The building or site itself may lie within the boundary of more than one authority.

County: Surrey

District: Mole Valley (District Authority)

Parish: Leigh

National Grid Reference: TQ 22471 47285

Reasons for Designation

Around 6,000 moated sites are known in England. They consist of wide ditches, often or seasonally water-filled, partly or completely enclosing one or more islands of dry ground on which stood domestic or religious buildings. In some cases the islands were used for horticulture. The majority of moated sites served as prestigious aristocratic and seigneurial residences with the provision of a moat intended as a status symbol rather than a practical military defence. The peak period during which moated sites were built was between about 1250 and 1350 and by far the greatest concentration lies in central and eastern parts of England. However, moated sites were built throughout the medieval period, are widely scattered throughout England and exhibit a high level of diversity in their forms and sizes. They form a significant class of medieval monument and are important for the understanding of the distribution of wealth and status in the countryside. Many examples provide conditions favourable to the survival of organic remains.
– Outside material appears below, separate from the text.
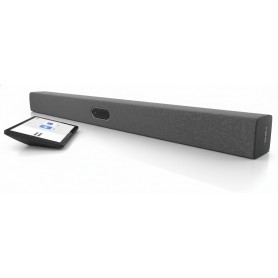 Neat NEATBARPRO-SE Bar Pro 16x Zoom Video Collaboration Bar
Leigh Place is one of the few examples in Surrey where the settlement of the moated site has been continuous. The large area unoccupied by modern buildings and currently under lawns means that the island is of particularly high archaeological potential.


The monument includes a medieval moated site comprising not only the water- filled moat and the nearly-square island within the moat but also the embanked area around the moat on all but the west and north-west sides. This is the site of a medieval moated manor dating from at least 1281AD, which was the prestigious residence of the Lords of the manor. Historical documentation shows the manor to have taken the form of a number of buildings arranged around a courtyard, the buildings occupying the majority of the island. In its present form the moat measures 6-7m in width and encloses an island some 50m E-W by 40m N-S. It is brick-lined around the western half of its circuit. The bank around the moat attains a maximum height of 1.5m and is at most 17m across, but it diminishes on the north-east side to 0.4m high and 6m across. The bank is cut on the eastern side by an outlet leat which appears to have replaced an earlier leat 2m to the north which is now infilled. The present house, part of which dates from the 15th century but which has been remodelled in the 17th-19th century, is listed grade II* and is excluded from the scheduling. Also excluded are all upstanding structures such as outbuildings, the bridges which provide access to the island, the fence, steps and slipway around the moat, electricity poles, the service pipelines and their immediately overlying soil and the paved paths. The ground beneath each of these structures and beneath the house, however, is included.

MAP EXTRACT The site of the monument is shown on the attached map extract.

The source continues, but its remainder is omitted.